I'm not sure if I know enough to answer all of your question but I'll answer as best I can. Your right on the complete seperation at 20 AOA. If you take the AOA and mutiply it by .11 this will give you an ideal line any were that a Cl curve very from this it shows that something is going on to reduce lift...(spanwise flow, a bubble, boundry layer seperation).

Harrier manouvers are done with planes with Low AR.....the spanwise flow that is coming over the wing tips kind of energize the boundary layer creating turbulant flow and keeps the boundry layer from seperating (trapping the boundry layer).....this is a power "induced Angle of Attack" and harrier manouvers are only possible with a substantail amount of power and is not very effecient flight....the nasa sim does not show the induced AOA....and I don't know enough about it to quantify what the effect does. About all I can tell you is AR under 3 and closer to 2 or 1 can produce induced AOA. Remeber that your AR correct equation kind of tells you the amount of the wing that is being effected by the spanwise flow.

As far as the cyllinder or ball....lets say that they are spinning so that the top of the object is moving the same direction as the flow...this will create a low pressure area because the flow is being accelerated just like a foil. On the buttom the object would be spinning opposite the air flow so it would slow it down creating a high pressure area at the bottom of the object....very simular to what happens with a wing at some AOA. If a ball or cylinder is not spinning then the pressure is equal above and below so no lift is generated.... this would be like a symetric foil at zero AOA.

With the ellipse, lift is not the only thing that is important when considering what is the best airfoil....you must also consider drag....the two together (drag/lift) will give you the effecieny of a wing. I don't really know what the drag on an elliptical type foil looks like. Further the other issue that is important is were the center of pressure is on a foil and how it moves. In order to build a controllable plane this most be accounted for and the ellipse may be difficult to control...i'm not sure about that....would a parasail be an example of an elliptical wing? Maybe someone else would have a better explination?

Steve

Mitek,

I'm going to add to my answer a little. Lets talk about pressure, this is what cause a wing to lift. I assume you have used a straw to drink at some point. What your doing is creating a low pressure area inside your mouth. The atmosphere is at a higher pressure so it tries to equalize the pressure difference by pushing the fluid up the straw. Your lungs work the same way. Your diaphragm expands your lungs creating a low pressure area. Wings work just the same it's the pressure differances around a wing that cause lift...when the boundry layer seperates the pressure differance is reduced. If you notice that the nasa sim has a probe that will allow you to check the pressure around the wing. Using the probe is helpful but a better way to see this is with a picture. At the end of the following link there are some color pictures of the high and low pressure areas around a foil.
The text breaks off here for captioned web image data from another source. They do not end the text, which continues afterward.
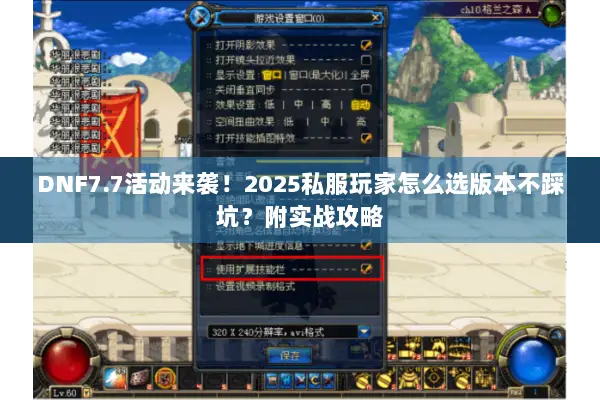 DNF7.7活动来袭！2025私服玩家怎么选版本不踩坑？附实战攻略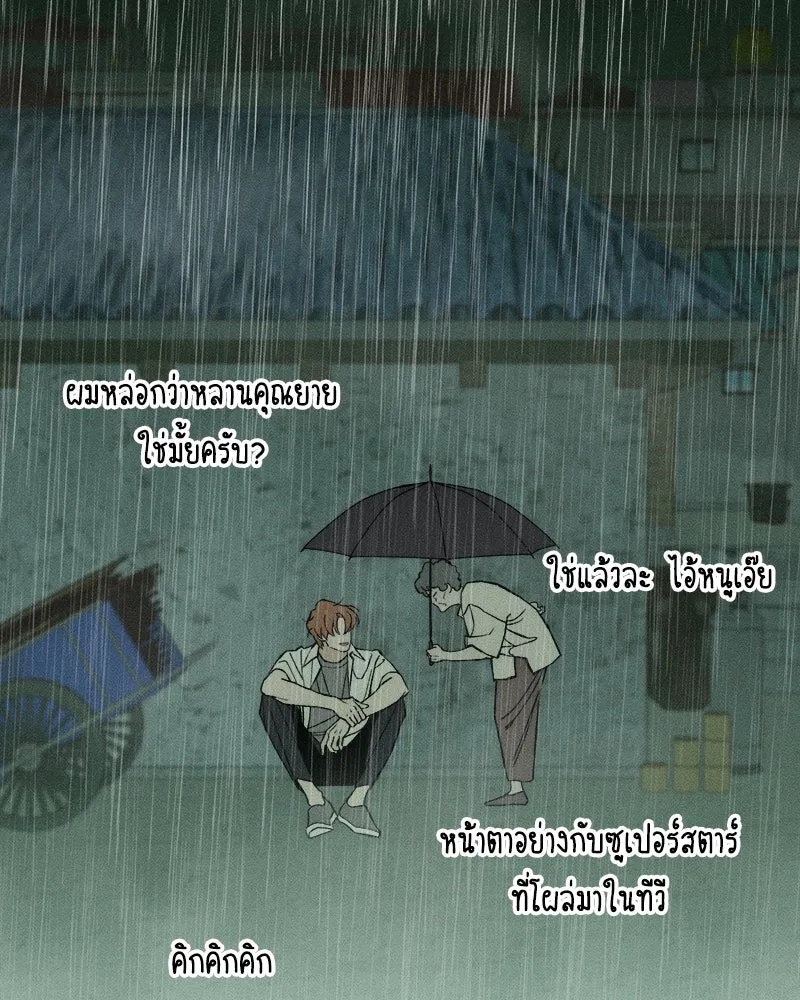 Tears on a Withered Flower ตอนที่ 29 31
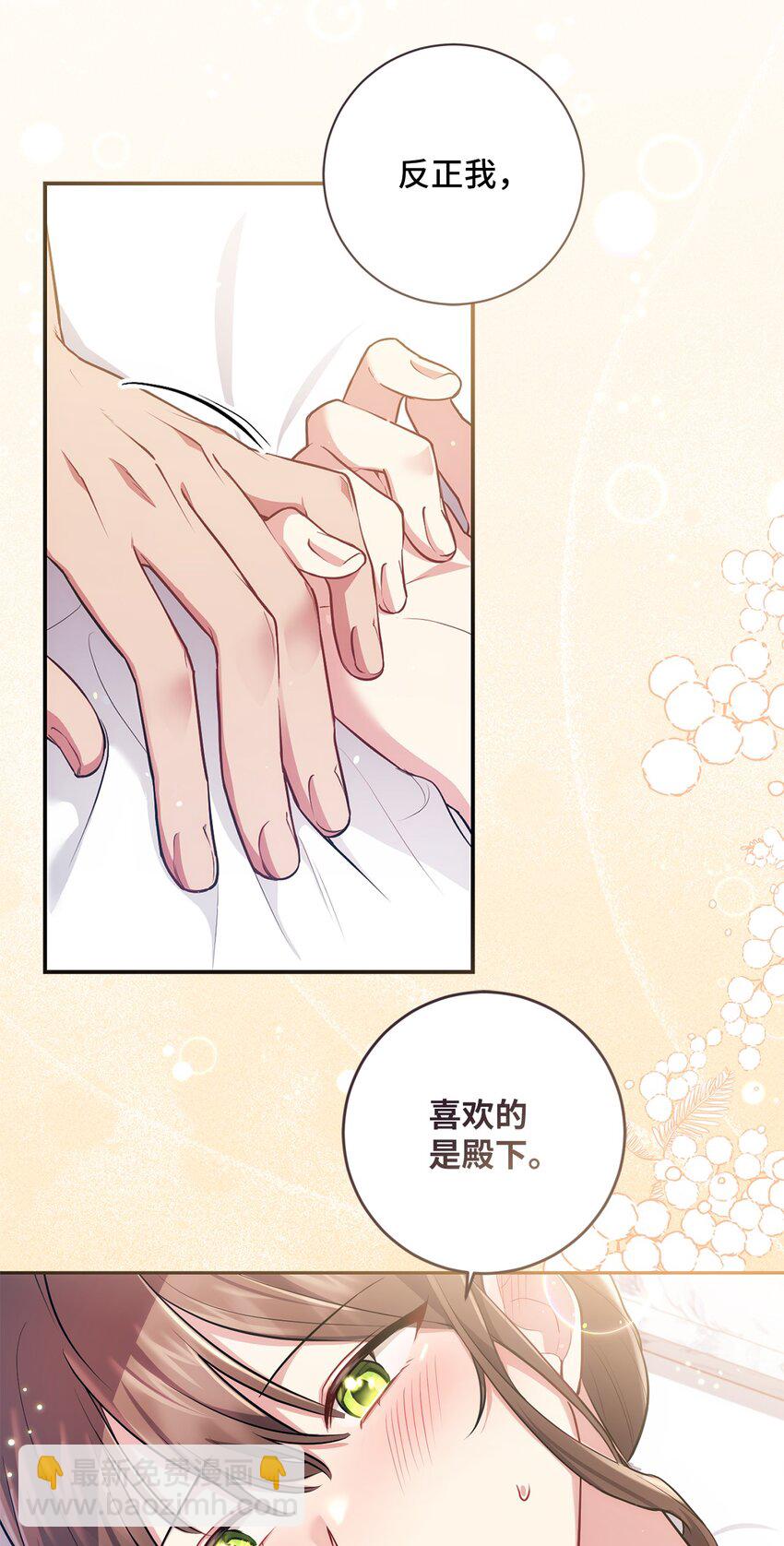 030 理由(1/2)-第31话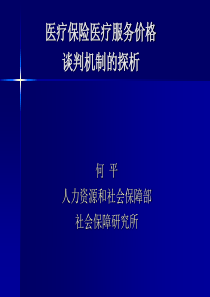 医疗保险医疗服务价格谈判机制探析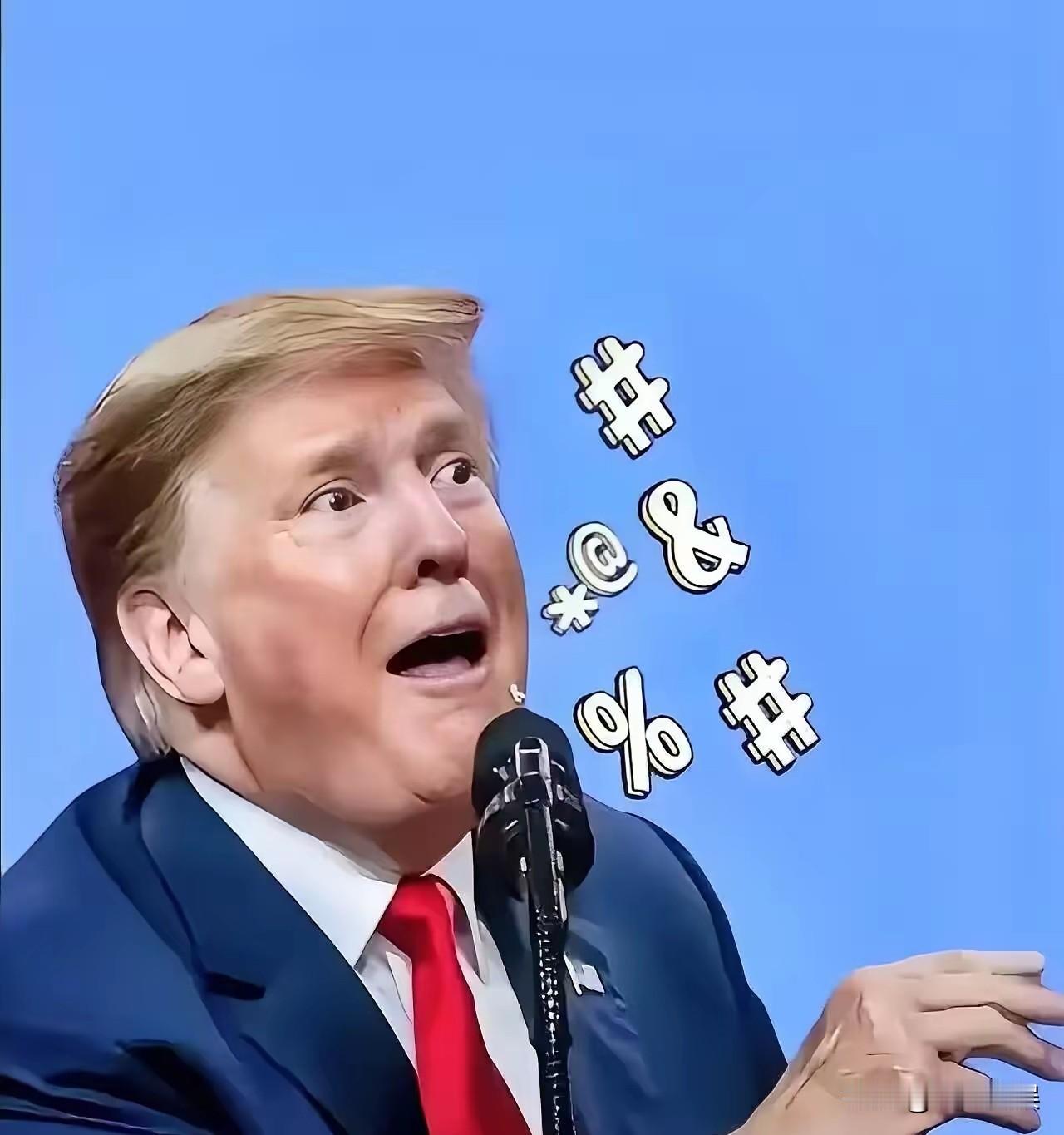 狼狈撤退！美国福特号航母终于撤离中东，号称最强却沦为摆设狼狈撤退，美国官员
[link]http://www.mh-aerotools.de/airfoils/index.htm[/link] (check the end of the page for pictures)

Here's another link you that might help:

[link]http://www.eng.fsu.edu/~dommelen/research/airfoil/airfoil.html[/link]



Happy Flying!!!!
Steve

Great Links, DipStick
The pictures in #2 were absolutely marvelous and I could finally see boundary layer seperation. At the last picture, though, you can see that the boundary layer is still close to the wing, shouldn't the wind still have suffucient lift. And I presume that this stall is different from the one where the airplane is going too slow and it stalls. I have heard that in the stall described, the airplane can stall at any spped. Is this true? And I dpn't know where the pictures are on the second page,(the website got updated) but I found a great airfoil simulator.